The agreement recognises the development and reskilling of human resources as important means to achieve the strategic goals set out in the industrial plan and to assure the group's future growth. Significantly, the introductory chapter to the agreement refers to the telecommunications sectoral agreement of 28 June 2000 (IT0007158F) and stresses that the full exploitation of the potential of this industry-wide agreement (the first since the liberalisation of the sector and the entry of new operators) is linked to:
- the establishment of a sectoral employers' association. Such a body does not exist at the moment, though there are a number of trade associations without bargaining functions, such as the Federation of Communication and Information Technology Firms (Federazione delle imprese delle comunicazioni e dell'informatica, Federcomin) and the National Association of Technology and Service Firms for Information and Communication (Assinform);
- the transformation of the Telemaco supplementary social security scheme, set up in 1998 for public sector telecommunications firms represented by Intersind, into a proper sectoral fund;
- the activation of the joint committees on training and job classification envisaged by the June 2000 sectoral agreement; and
- the definition of rules for the exercise of the right to strike in the sector and for conciliation and arbitration in labour disputes.
The Telecom Italia group is the largest fixed-network and mobile phone operator in Italy, with a significant presence on international markets, and it also holds a prominent position in internet services. Furthermore, it has a significant stake in the media sector, as it owns the national television network La7.
Telecom Italia was, before the liberalisation of the Italian telecommunications sector, the country's only fixed-network operator. After full privatisation in 1997 (the Treasury kept only a residual participation, which is connected to a 'golden share'), Telecom Italia has been taken over twice. First, there was a hostile takeover by Olivetti-Tecnost in June 1999; second, there was the 'friendly acquisition' by the Pirelli group, which became, together with Benetton, the majority shareholder in summer 2001, through the acquisition of Olivetti Spa.

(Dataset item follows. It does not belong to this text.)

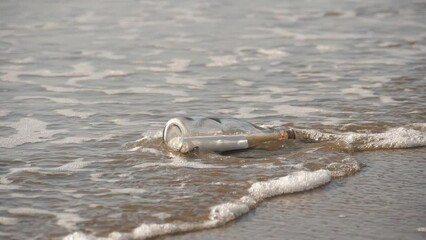 A message in a bottle washed up on the beach by waves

In 2001, Telecom Italia group had a turnover of EUR 30.8 billion and employed some 110,000 people at the end of the year.
The May 2002 agreement outlines, in its introductory chapter, the main elements of the industrial plan of the Telecom Italia group for the years 2002-4 and states the principal strategies that will characterise its various business areas ('domestic wireline', mobile, information technology - 'intra-group' and 'external market'- internet and media). The deal seeks to foster a new phase of growth for the Telecom Italia group, to be achieved through financial restructuring, redesign of the organisational structure, rationalisation of its industrial activities (through the sale of some subsidiaries and the implementation of some forms of integration with the Pirelli group), and the reorganisation of the group's core business, in order to guarantee a proper return on investment and an effective control of operating costs. In particular, the objective of the industrial plan is to realise an efficiency gain through cost reductions of at least EUR 2 billion in the next three years.
To support the group's reorganisation, the industrial plan envisages investments of EUR 16 billion in the years 2002-4, which will mainly be targeted at strengthening fixed-network services (EUR 7 billion) and mobile services (EUR 7 billion). Telecom Italia has committed itself to making a significant share of these investments in the South of Italy, or Mezzogiorno (26% of total investments in 2002), with a view to developing network infrastructures and supporting the creation of new jobs. Investments in the Mezzogiorno will be discussed by the parties to the agreement in a joint 'observatory on the Mezzogiorno and local areas', established by an agreement on industrial relations in the Telecom Italia group signed on 28 March 2000.
As far as industrial relations are concerned, and notably measures which will support the attainment of the industrial plan's goals, the main points of the agreement are as follows.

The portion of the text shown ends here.